While I conclude that the circuit erred in ordering that the nonmembers share exclusively in the $31,663.30 and that the hen fund satisfy the fund *688member claims in their entirety, I reject the lien fund’s claim to the entire $31,663.30 contract balance held by the court. The lien fund has presented no argument to support its implied claim that its rights attained through subrogation are superior, rather than equal, to the rights of the nonmember claimants.

In its brief on appeal, the lien fund argues that the untimely filing of the notices of lien bars the lien claimants from enforcing the liens, but *684does not directly address the operation of subsection 109(6). During argument, the lien fund asserted that subsection 109(6) is inapplicable and that it was not raised below. However, a review of the lien fund’s brief in the circuit court reveals that the lien fund took the position that the late filing of the notices invalidated the liens “to the extent that the homeowners paid pursuant to lien waivers.”

I observe at this juncture that the statutory provision regarding the effect of the owner’s payment to the contractor on the subcontractor’s lien where the subcontractor has not provided a timely notice of furnishing, subsection 109(6), is not completely parallel to the provision regarding the effect of the homeowner’s payments to a contractor on the enforceability of a construction lien on residential premises, MCL 570.1203(1); MSA 26.316(203)(1). Subsection 109(6) applies to all real property and reduces the amount of the lien to the extent payment is made pursuant to sworn statements or lien waivers. Subsection 203(1) applies only to residential structures and declares that the lien will not attach if the homeowner files an affidavit with the court stating that the homeowner has paid the contractor and the amount paid, has not colluded with anyone to obtain payment from the lien fund, and has cooperated and will continue to cooperate in the defense of the lien fund. Thus, in the instant case, unsworn statements and fraudulent lien waivers do not diminish the amount of the lien, but the homeowner nevertheless is entitled to the protection of subsection 203(1), and those lien claimants who are members of the lien fund can proceed against the fund to recover the lien amounts that are valid under subsection 109(6), but do not attach under subsection 203(1).

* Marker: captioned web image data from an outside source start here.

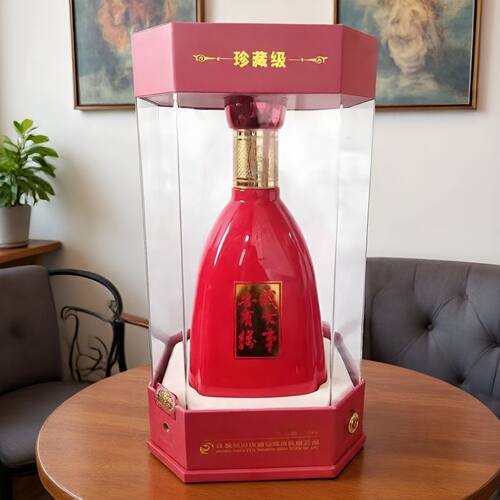 正品国缘K5/四开国缘大瓶装白酒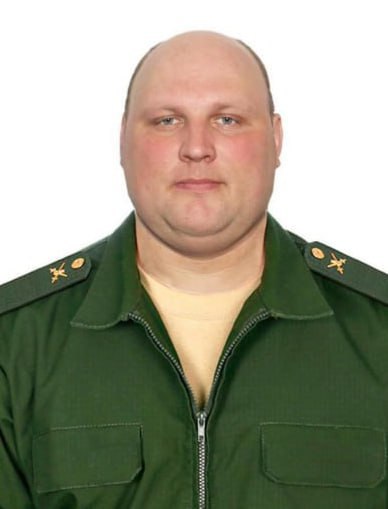 Фотография Беккер Александр Иванович, погибший солдат СВО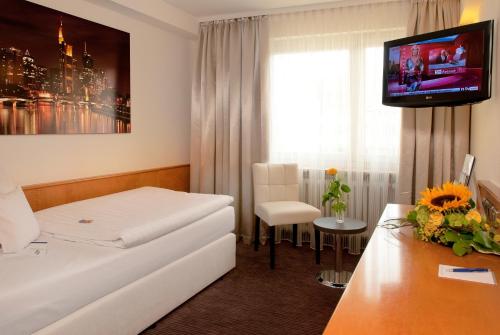 The Domicil Hotel Frankfurt City - image 10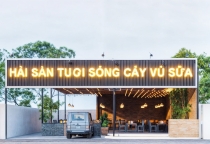 QUÁN ĂN CÂY VÚ SỮA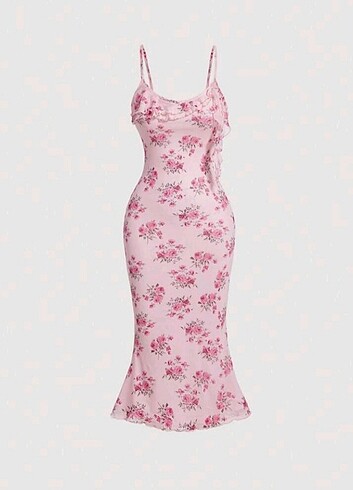 Shein elbise 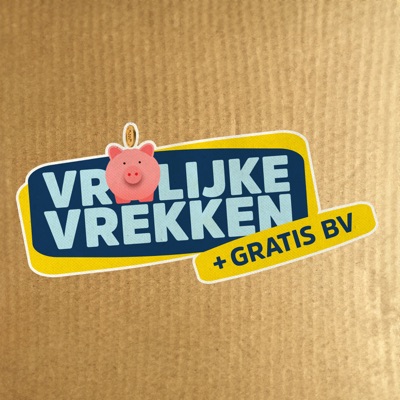 Vrolijke Vrekken:Nieuwsblad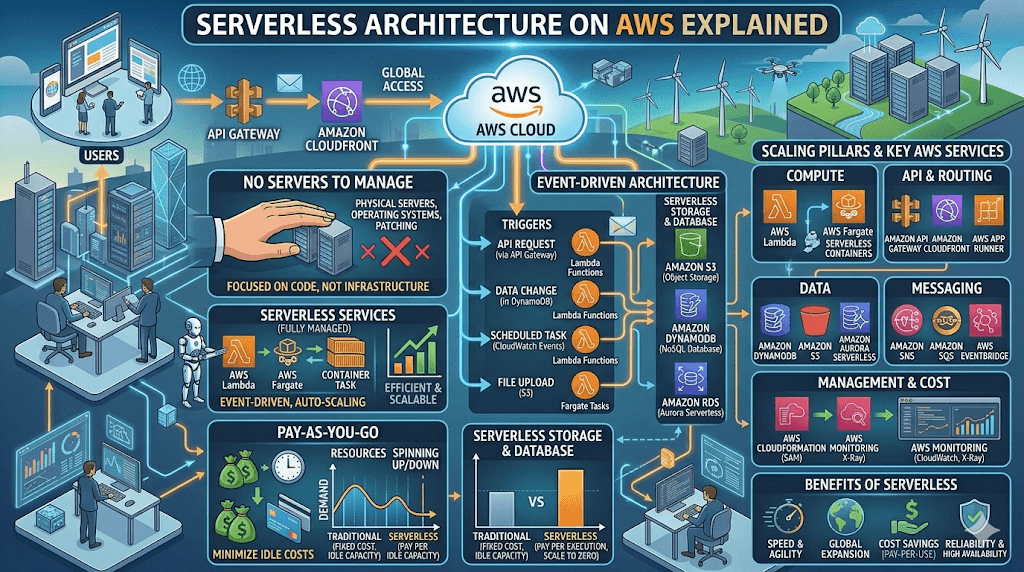 Serverless Architecture on AWS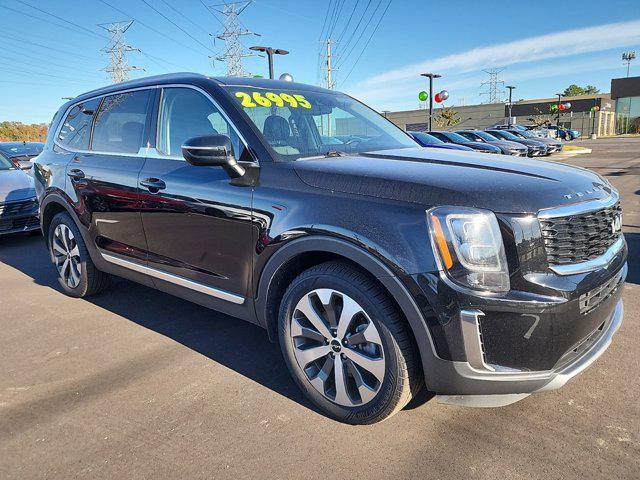 used 2022 Kia Telluride car, priced at $28,695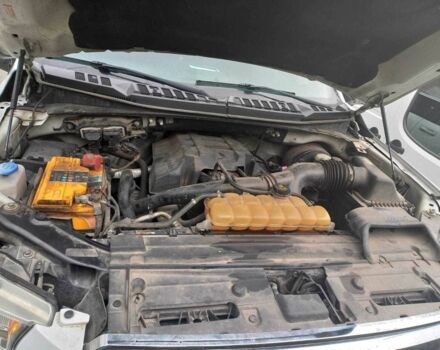 Форд F-Series 2016 в Днепре (Днепропетровске) на Automoto.ua Белый Форд F-Series, объемом двигателя 2.7 л и пробегом 200 тыс. км за 20000 $, фото 4 на Automoto.ua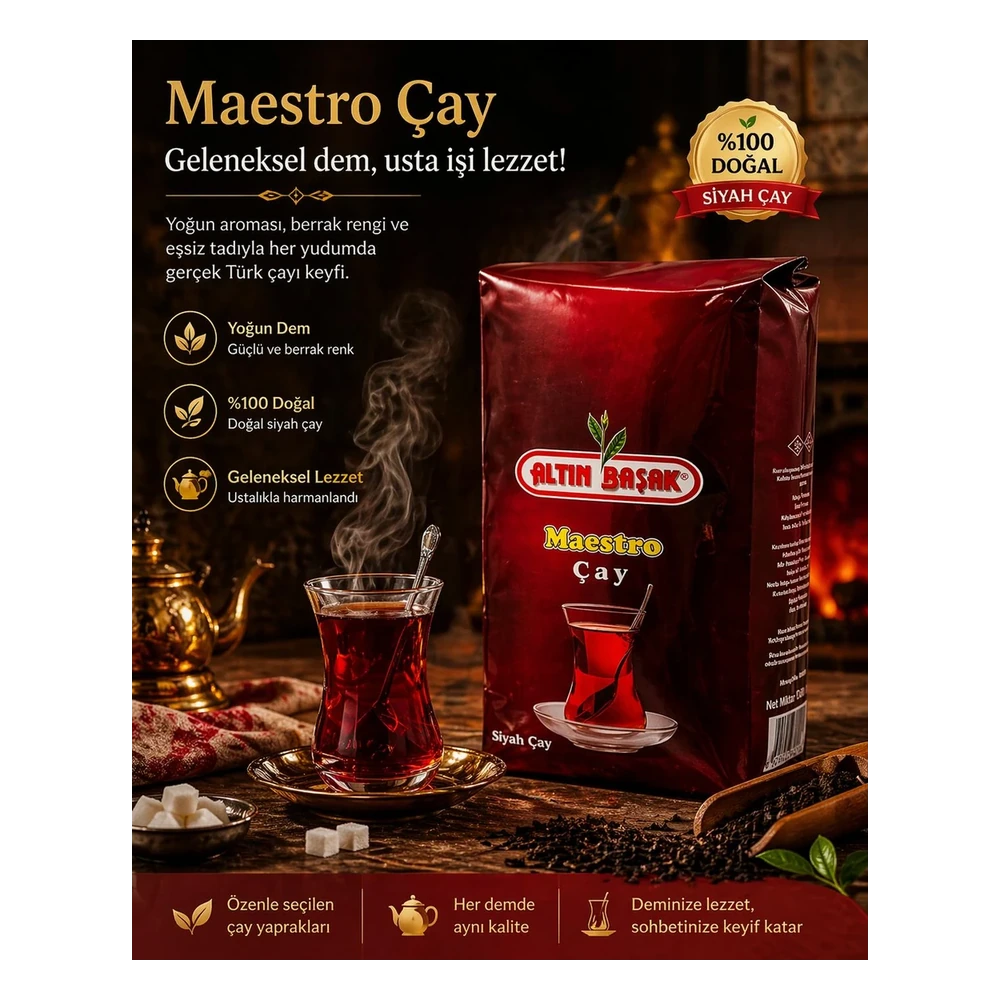 Altınbaşak Maestro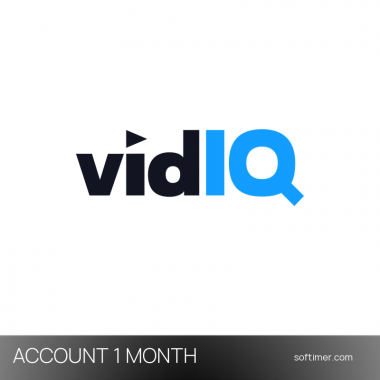 VidIQ Boost - 1 Monat -... Product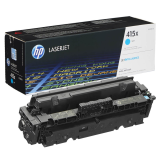 HP Original W2031X / 415X Toner Ciano (Alta capacità)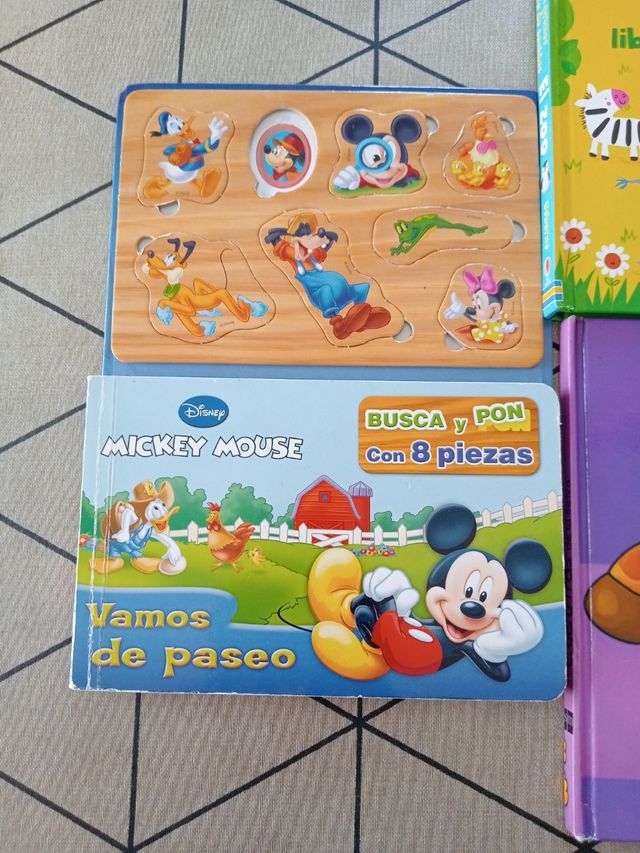 Libros infantiles 3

I reject Stahl & Sons’ argument that the lien fund waived review of this issue by failing to properly identify Stahl & Sons in the fund’s docketing statement, and note that Stahl & Sons has not responded to this issue on the merits.

Hughes contracted with the Verhelles and the remaining parties using the name Cor-Al Construction.

I recognize that RBK may not rely on the fact that Hughes was licensed to establish compliance with the statute, Annex Constr, Inc v *686Fenech, 191 Mich App 219; 477 NW2d 103 (1991), if, indeed, the contract was with Holt, rather than Hughes.

RBK did assert in the circuit court that Holt was not required to be licensed under a different section of the statute, MCL 339.2403(e); MSA 18.425(2403)(e), but has not repeated this argument on appeal.

If one were to conclude that the failure to pay the fund members was fatal to the subrogation claim, the result would be the same. The fund members themselves would be entitled to a pro-rata share of the $31,663.30, and their claims against the lien fund would be reduced by the sums collected. Similarly, it does not matter if the lien claimants’ claims are viewed as claims against the contractor or the homeowner. The homeowner owed the contractor $31,663.30 under the contract, and that sum was subject to the subcontractors’ claims for payment from the contractor. The court permitted the homeowner to pay the sum to the court, rather than the contractor as provided in subsection 203(1), but the money was constructively the contractor’s (subject to subcontractor claims) pursuant to the contract. If the claim is viewed as one against the homeowner for the remaining $31,663.30, then the facts must be viewed from the standpoint of the money not having been paid to the court or the contractor. The homeowner, then, would not be entitled to the protection of subsection 203(1) with respect to that amount, and the lien fund members would have no claim against the lien fund for those amounts.